Every TSDB have to deal with vast data volumes. But it’s not only writes per second. There is a different dimension to the problem which is not tackled by most TSDB vendors. This problem is a dataset cardinality, the number of individual series in the database. It plays a really huge role.
It’s safe to assume that any TSDB will work reasonably well if the cardinality is small (100K of metrics). But when cardinality is high (millions of metrics) we have to deal with the hard problem. Most TSDBs will start to generate write timeout errors or eat up the RAM. For instance, Akumuli will use a lot of RAM because it allocates some memory for every time-series stored on disk.
Akumuli’s memory requirements depend on cardinality. To handle 1M unique time-series it needs around 10GB of RAM. 2M unique time-series will need 20GB and so on.
Where did this numbers came from?
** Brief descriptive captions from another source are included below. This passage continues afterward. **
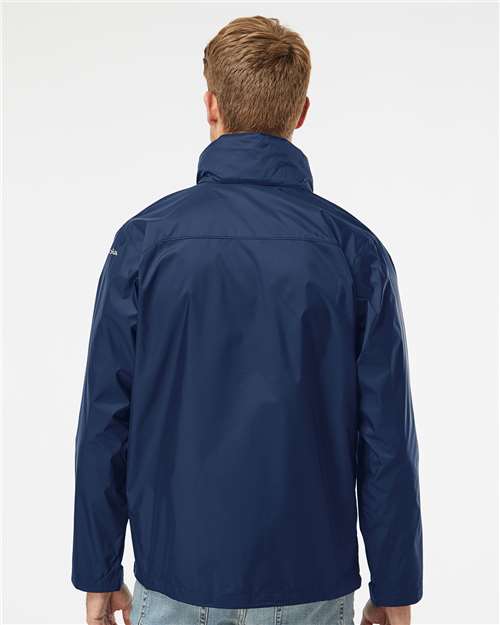 Collegiate Navy Glennaker Lake™ II Rain Jacket - 212476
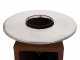 RoyalFood COR-4000 - Barbecue &agrave; bois en corten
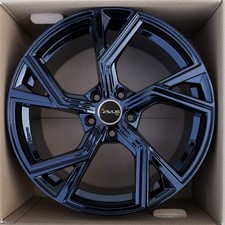 4 Jantes en Alliage Noirs De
First of all, Akumuli writes data in fixed-size blocks. Each block is 4KB. When you create a time-series and write data into it, Akumuli allocates a memory block and fills it with compressed data. When it gets full it writes it to disk and allocates the next one. It have to write in 4KB blocks to minimize wear leveling and write amplification of the SSD. It will always allocate 4KB of memory for every time-series for this purpose. Even if only small fraction of this memory is used. So, the memory y expenses for all series will be
cardinality * 4KB. If the database stores one million series the memory resident pages will eat around 3.8GB of RAM.
This problem was greatly reduced in latest release. New algorithm allocates 4KB pages partially by 1KB chunks! When you start writing it allocates first 1KB chunk (so almost empty block will use only 1KB of RAM, not 4KB). When the first chunk gets full it allocates the second one and so on, until all four chunks (4KB) will be allocated and filled with data. Now it’s time to write it to disk.
The problem is that we have four disjoint 1KB memory chunks that we need to write into one 4KB page on disk. We can’t just perform four 1KB writes because they won’t be atomic. If something will happen in the middle we will end up with partially updated block in the database! The database will be corrupted. Also, multiple updates are bad for SSDs. SSD can’t update pages in-place. It’s controller uses read-update-modify protocol to fetch old page, update it and write it to the new place. If we will write data this way it increase the wear leveling and will introduce a lot of work for the garbage collector inside the SSD controller.
So, we need to write this four 1KB chunks as one 4KB block. We can actually do this using the vector I/O (aka scatter/gather I/O). Using one
writev call on Linux we can pack all four chunks into one
iovec array which will be written atomically. Using only one write operation. This method is as efficient as ordinary write operation given that it involves only one syscall. But the most important, it provides atomicity so there is no in-between state. The page will be written completely or not written at all.
This simple trick allows to lower memory requirements by 50%. This is due to the fact that on average every series will have just two 1KB chunks allocated. I’m not going to bore you but it’s easy to prove if you curious.
This trick is already used by recent version of Akumuli but it’s not the entire solution. I’ll write about different memory optimizations later.